Drakken waved a finger in her face before Shego could ramble on in her own fluster. “Don’t put words in my mouth. I only said that if you lose, you owe me a favor.” He shrugged nonchalantly before adding, “And that I’d tell you once we were in private.”
“You winked,” grumbled Shego. She crossed her arms and glared away from him, but Drakken leaned over to take a peek at her flushed face before stepping away to get into the van.
“My apologies. I thought we were in the same book.”
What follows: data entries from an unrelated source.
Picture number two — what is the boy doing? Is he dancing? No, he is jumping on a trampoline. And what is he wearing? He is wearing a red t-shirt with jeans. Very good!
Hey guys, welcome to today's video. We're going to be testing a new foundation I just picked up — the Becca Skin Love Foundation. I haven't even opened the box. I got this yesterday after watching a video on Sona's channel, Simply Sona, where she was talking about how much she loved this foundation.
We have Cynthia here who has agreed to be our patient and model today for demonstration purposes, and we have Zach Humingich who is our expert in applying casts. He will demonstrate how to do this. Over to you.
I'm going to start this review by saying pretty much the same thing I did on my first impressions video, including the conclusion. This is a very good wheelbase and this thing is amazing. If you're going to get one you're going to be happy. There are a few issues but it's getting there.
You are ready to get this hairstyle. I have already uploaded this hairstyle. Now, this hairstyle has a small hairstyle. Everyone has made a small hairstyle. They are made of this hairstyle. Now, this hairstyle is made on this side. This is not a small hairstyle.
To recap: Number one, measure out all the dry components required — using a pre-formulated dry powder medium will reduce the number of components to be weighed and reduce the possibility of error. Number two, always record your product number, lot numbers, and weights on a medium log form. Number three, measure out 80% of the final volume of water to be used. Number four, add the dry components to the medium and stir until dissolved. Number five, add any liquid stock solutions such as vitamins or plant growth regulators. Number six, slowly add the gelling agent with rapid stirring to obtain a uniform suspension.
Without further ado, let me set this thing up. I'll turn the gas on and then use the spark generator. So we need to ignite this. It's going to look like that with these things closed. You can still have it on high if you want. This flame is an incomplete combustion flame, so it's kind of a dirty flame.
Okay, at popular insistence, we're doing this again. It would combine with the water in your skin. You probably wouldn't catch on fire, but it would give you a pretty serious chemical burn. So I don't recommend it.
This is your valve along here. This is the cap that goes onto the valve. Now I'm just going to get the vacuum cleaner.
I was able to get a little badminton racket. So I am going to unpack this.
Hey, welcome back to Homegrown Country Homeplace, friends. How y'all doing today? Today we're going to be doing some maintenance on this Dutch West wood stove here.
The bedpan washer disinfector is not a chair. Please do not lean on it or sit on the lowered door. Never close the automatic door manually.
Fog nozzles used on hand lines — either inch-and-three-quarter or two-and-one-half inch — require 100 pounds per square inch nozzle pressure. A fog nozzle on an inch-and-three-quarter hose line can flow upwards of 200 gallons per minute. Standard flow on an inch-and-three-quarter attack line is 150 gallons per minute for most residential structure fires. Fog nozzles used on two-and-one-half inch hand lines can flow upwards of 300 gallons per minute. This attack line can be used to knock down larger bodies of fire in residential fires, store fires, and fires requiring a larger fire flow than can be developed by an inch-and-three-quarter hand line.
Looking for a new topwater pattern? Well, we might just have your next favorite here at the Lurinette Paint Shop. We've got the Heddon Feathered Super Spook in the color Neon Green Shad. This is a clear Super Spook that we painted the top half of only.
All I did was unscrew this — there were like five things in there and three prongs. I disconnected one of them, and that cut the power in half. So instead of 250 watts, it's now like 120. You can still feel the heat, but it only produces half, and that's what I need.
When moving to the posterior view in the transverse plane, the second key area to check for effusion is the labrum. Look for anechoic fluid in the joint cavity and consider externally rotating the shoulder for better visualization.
“On the same page,” corrected Shego bitterly. She slammed her door shut, taking up the driver’s seat since Drakken’s vision was impaired with skewed glasses and a Freezee to his eye.
He dismissed the correction with a grunt. “If that pink parasite loses it over a little flirting, then what’s the harm in using that to my advantage?” It had been the girls’ conversation about their friend’s bloody lip that had given him the idea. The pink one seemed to be awfully envious, but in hindsight he probably shouldn’t have tested that theory.
It wasn’t hard to pinpoint the moment fire rose beneath Shego’s skin, crackling traces of her agitation seen on her hands and even her blushing face seemed to take on a greener hue. She took a deep breath and the glow ebbed, her fire recalled before her own Freezee could do more than steam a little. “The harm is she’s going to spread rumors about what it is I get up to with my boss,” she retorted. “That might hurt my chances of getting into—”
“I thought you weren’t going?” Drakken interrupted, his attention and concern snapping back to her.
Shego fidgeted with her hands and her drink. “I’m keeping my options open,” she grumbled.
Drakken was silent for too long, too preoccupied studying her through blurry vision. “That school is for henchmen. They’re beneath you,” he finally said. As if she didn’t know that already.
She gave a meek shrug and grumbled something about courses. Then her frown hardened and she turned on him. “So what was so private, huh? What do I owe you that was worth embarrassing me like that?” she snapped.
He flinched back from the venom in her tone. Pulling the Freezee back to his eye and slouching against his door, Drakken frowned at the dash. “The favor I wanted to ask was if you could test the Bebe sisters in combat. I only wish to see how they fare.”
Shego was sour for another moment before turning the key in the ignition and rolling her eyes. “Sure, but don’t hold it against me if I plasma blast the creepy things to bits.”
“Please control yourself,” sighed Drakken. “They’re still learning.”
“Learning?” The look she shot him was met with a sheepish smile. She groaned and shook her head. “Whatever.”
As she navigated back to the lair, Shego convinced herself to look on the bright side. Drakken had irritated Priscilla into throwing the match herself and in doing so they were able to leave sooner. The less time spent with Miss Priss, the better.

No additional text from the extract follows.